Data for this task:
------

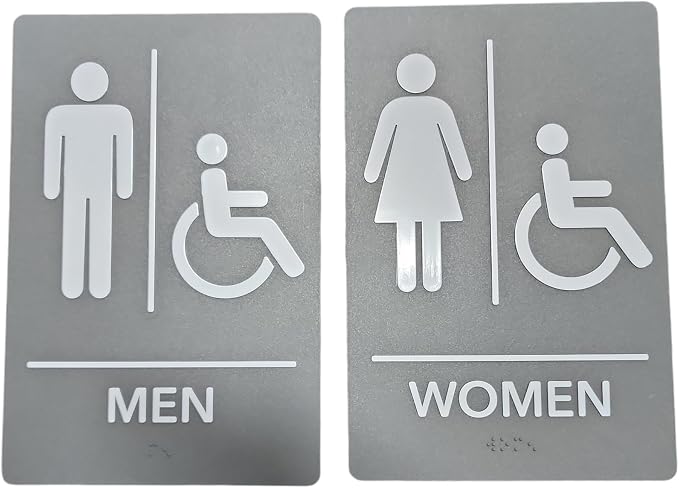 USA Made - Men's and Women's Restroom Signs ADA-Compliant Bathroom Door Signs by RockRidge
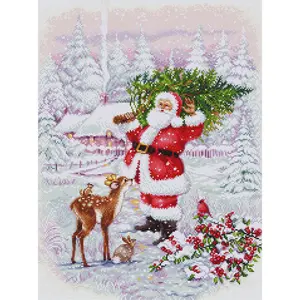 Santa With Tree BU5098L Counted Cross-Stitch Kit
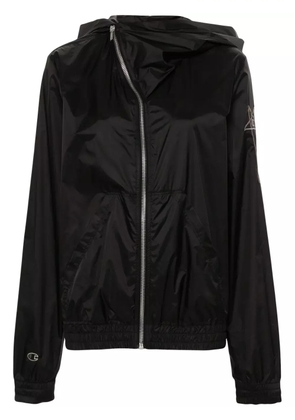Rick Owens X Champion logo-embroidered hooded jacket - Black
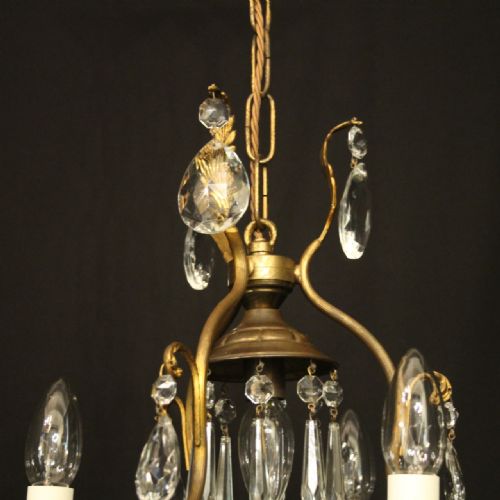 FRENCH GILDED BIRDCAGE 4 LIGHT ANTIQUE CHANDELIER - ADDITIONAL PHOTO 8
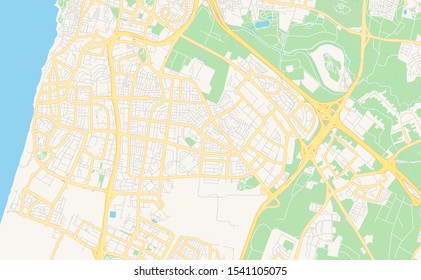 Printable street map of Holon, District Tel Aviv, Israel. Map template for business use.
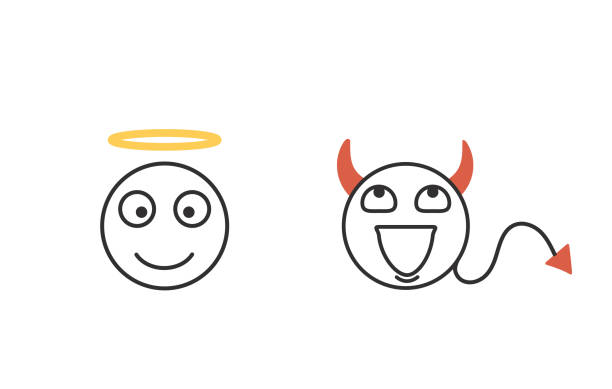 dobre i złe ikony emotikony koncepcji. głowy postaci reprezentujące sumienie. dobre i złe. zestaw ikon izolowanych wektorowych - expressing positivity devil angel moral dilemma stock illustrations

------

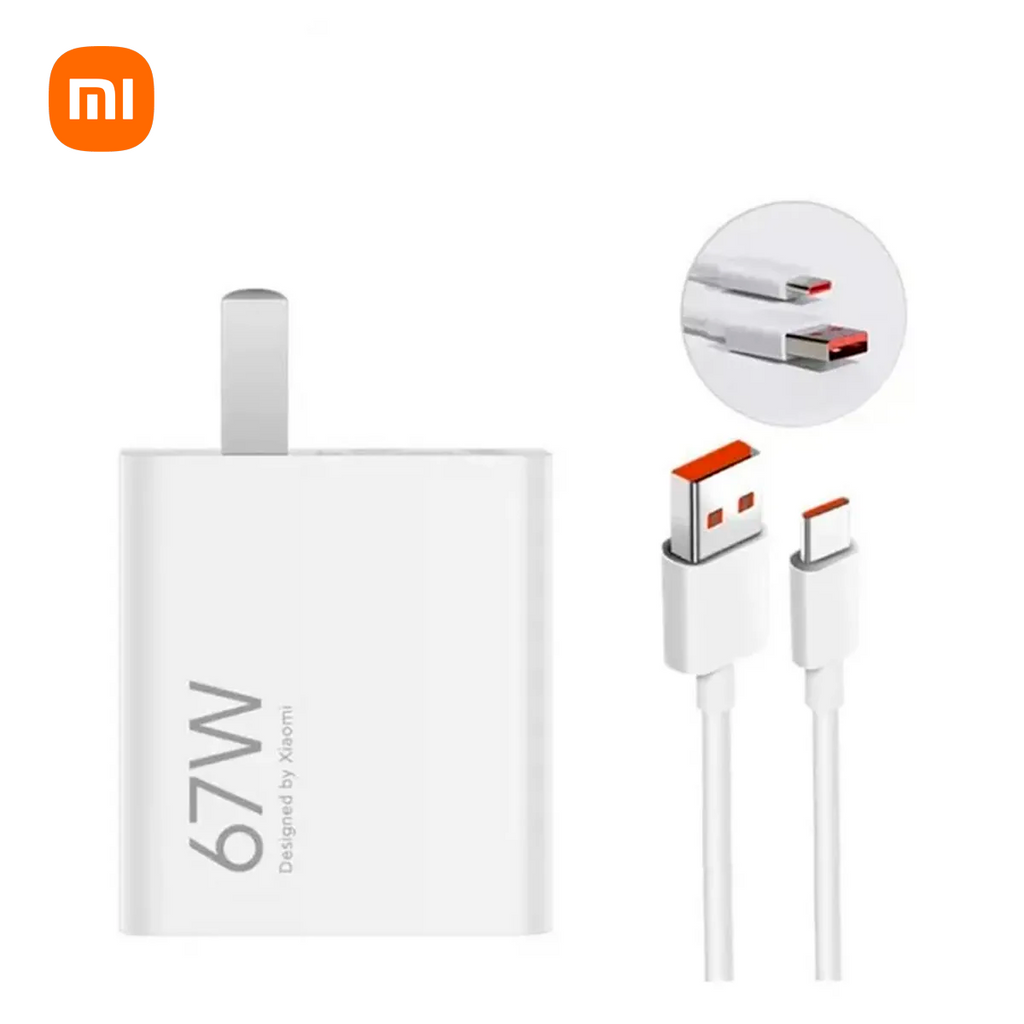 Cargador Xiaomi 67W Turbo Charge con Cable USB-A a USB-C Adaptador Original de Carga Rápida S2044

------

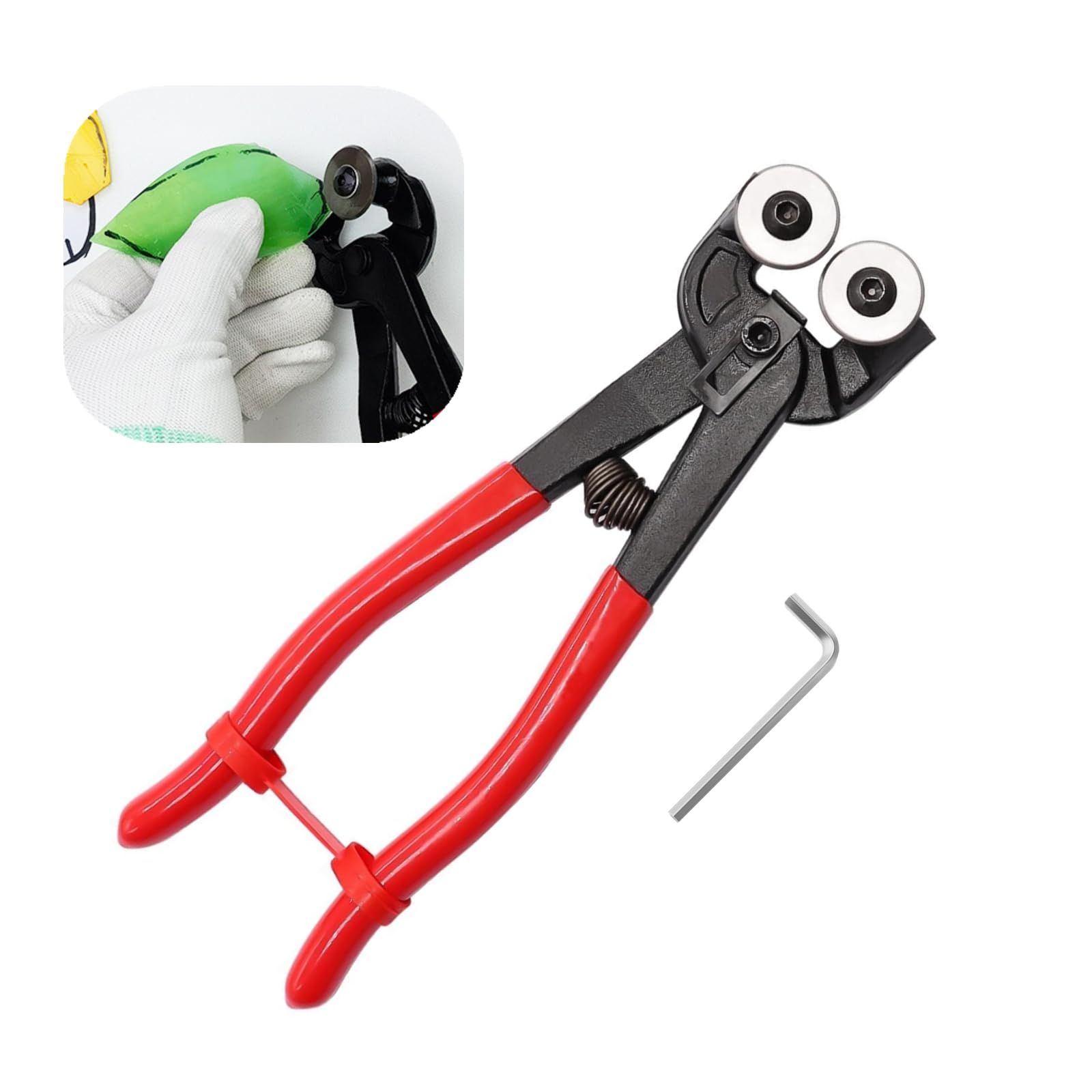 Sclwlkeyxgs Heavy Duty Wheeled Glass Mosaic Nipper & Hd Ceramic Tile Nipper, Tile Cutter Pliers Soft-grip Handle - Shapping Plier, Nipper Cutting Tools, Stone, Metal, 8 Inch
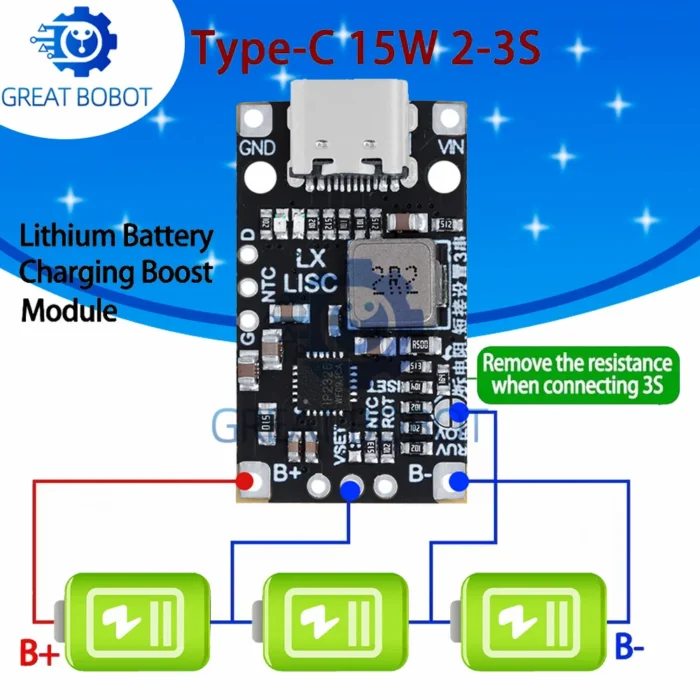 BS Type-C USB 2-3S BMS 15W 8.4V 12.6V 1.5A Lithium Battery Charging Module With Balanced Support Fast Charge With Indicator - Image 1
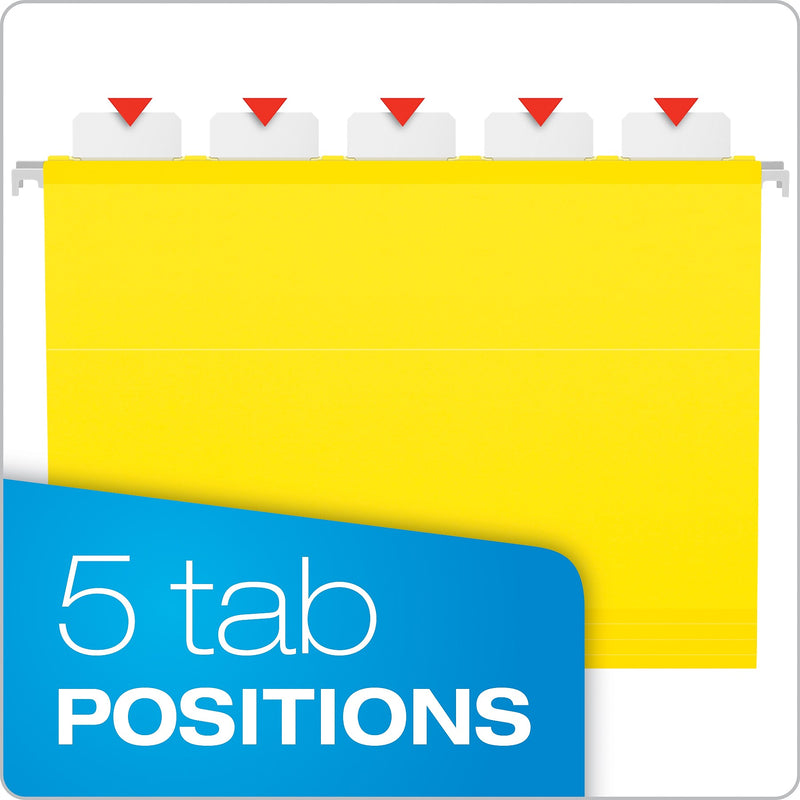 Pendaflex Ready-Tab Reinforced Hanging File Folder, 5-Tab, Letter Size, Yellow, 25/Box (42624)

------

Directions:
Repeat the lines above exactly, beginning with the one containing "Sclwlkeyxgs Heavy Duty" and finishing with the one containing "Pendaflex Ready-Tab Reinforced". No pictures belong in the copy.

Task answer:
 Sclwlkeyxgs Heavy Duty Wheeled Glass Mosaic Nipper & Hd Ceramic Tile Nipper, Tile Cutter Pliers Soft-grip Handle - Shapping Plier, Nipper Cutting Tools, Stone, Metal, 8 Inch
 BS Type-C USB 2-3S BMS 15W 8.4V 12.6V 1.5A Lithium Battery Charging Module With Balanced Support Fast Charge With Indicator - Image 1
 Pendaflex Ready-Tab Reinforced Hanging File Folder, 5-Tab, Letter Size, Yellow, 25/Box (42624)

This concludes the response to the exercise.